I first read about “Cloud Atlas”, the novel, when I came across “Cloud Atlas”, the film. Written by David Mitchell, it turns out to be more a collection of six linked stories than what is traditionally called a novel. The author has referred to these stories elsewhere as forming a Matryoshka doll of tales of reincarnation spread across space and time.

Programmers might be more comfortable with an analogy with a stack and Last-In, First-Out (LIFO) order of completion. All the stories, except the innermost story, are interrupted at a crucial point in the story to start the next story and they then resume in the reverse order in the second half of the book.

(As an aside, I was not aware that this was a deliberate tactic - I thought there was a printing error in the copy I was reading, as the first story is literally interrupted in the middle of a sentence - only by quickly leafing through the rest of the book did I realize what was happening.
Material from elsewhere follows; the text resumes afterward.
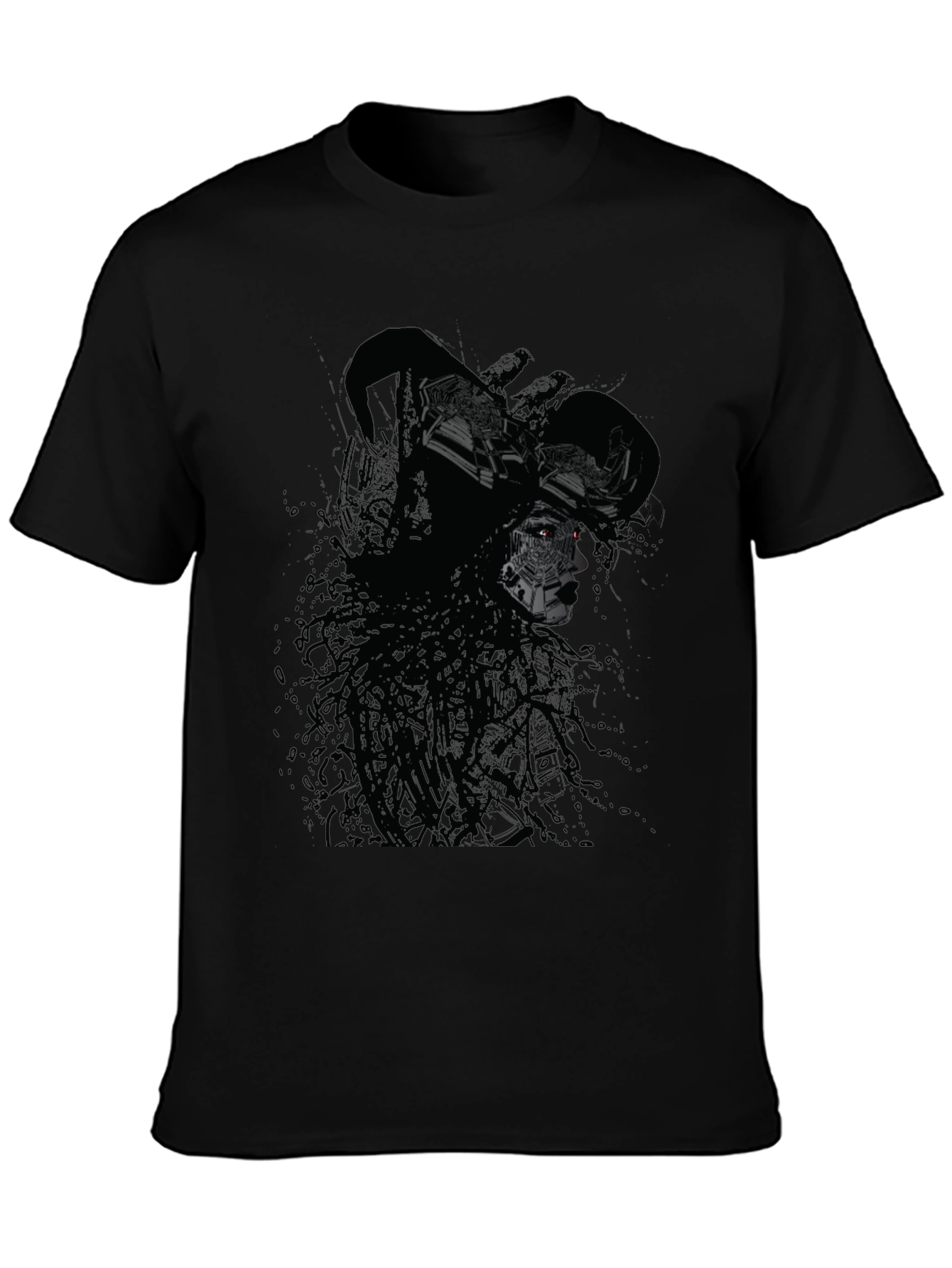 Dark Ape Graphic Tee - Mens Black T-Shirt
I imagine this would have been really difficult to do in an eBook.)

All the stories are narrated by someone - as diary-entries, as letters, as a manuscript, as a testimony, orally, etc. - and they observe the immediate outer story by reading it, watching it, etc. Either the main character or an important supporting character in a given story is a reincarnation of someone from the outer story, indicated by a special birthmark or by episodes of deja vu.
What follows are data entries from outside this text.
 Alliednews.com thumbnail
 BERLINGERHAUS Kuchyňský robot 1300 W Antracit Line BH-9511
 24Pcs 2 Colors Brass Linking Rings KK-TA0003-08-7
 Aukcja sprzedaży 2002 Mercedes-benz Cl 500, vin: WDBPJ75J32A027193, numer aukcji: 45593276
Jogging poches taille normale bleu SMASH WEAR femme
The stories are narrated in the form of English that might plausibly be used by the characters of that time, with stories set in the future employing imagined variants. For example, the story set in a near future uses a language full of genericized trademarks (e.g. “fords” for “cars”, “nikes” for “shoes”, etc.). This sometimes creates problems in reading them though - the story set in the 19th century had me reaching for the dictionary many a time and that set in a post-apocalyptic future was very difficult to read due to the numerous contractions and substitute-words. In one of the stories, several dialogs by one of the characters are in French, without the book providing any translation for them.
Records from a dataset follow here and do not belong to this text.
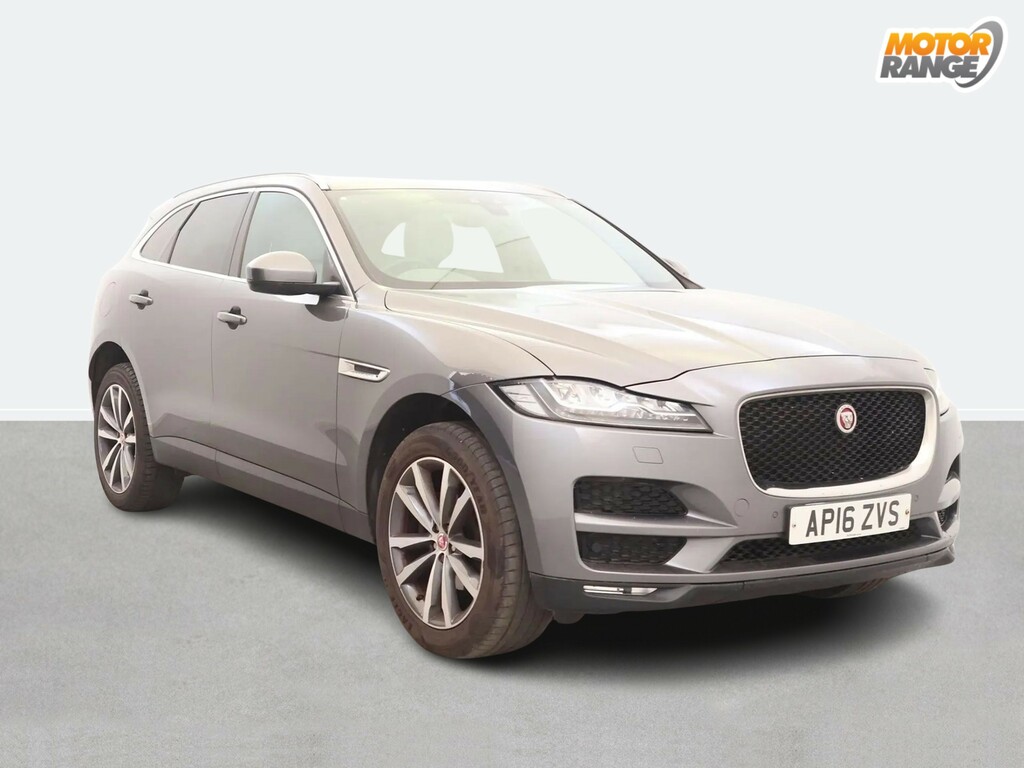 Jaguar F-Pace 2.0D Portfolio Awd Grey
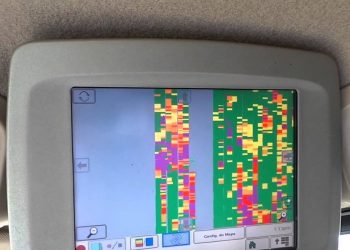 Mapas de produtividade no milho 2013-10- 06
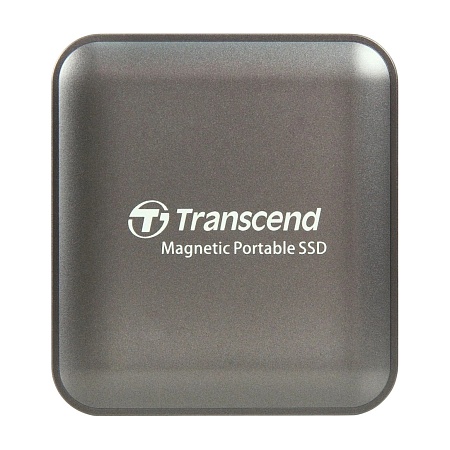 SSD внешний 2TB Transcend TS2TESD420C серый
All the stories are interesting by themselves, but beyond the thread of reincarnation, there is not that much intertwining them, nor is the book as a whole as groundbreaking as it would seem from the reception it got. The book did make much more sense to me than the eponymous film though. I still do not know why it was titled “Cloud Atlas”. In short, I did not understand the brouhaha about the book and the film. Perhaps I missed something here that was obvious to the others. Perhaps it was a triumph of a marketing machine. Whatever.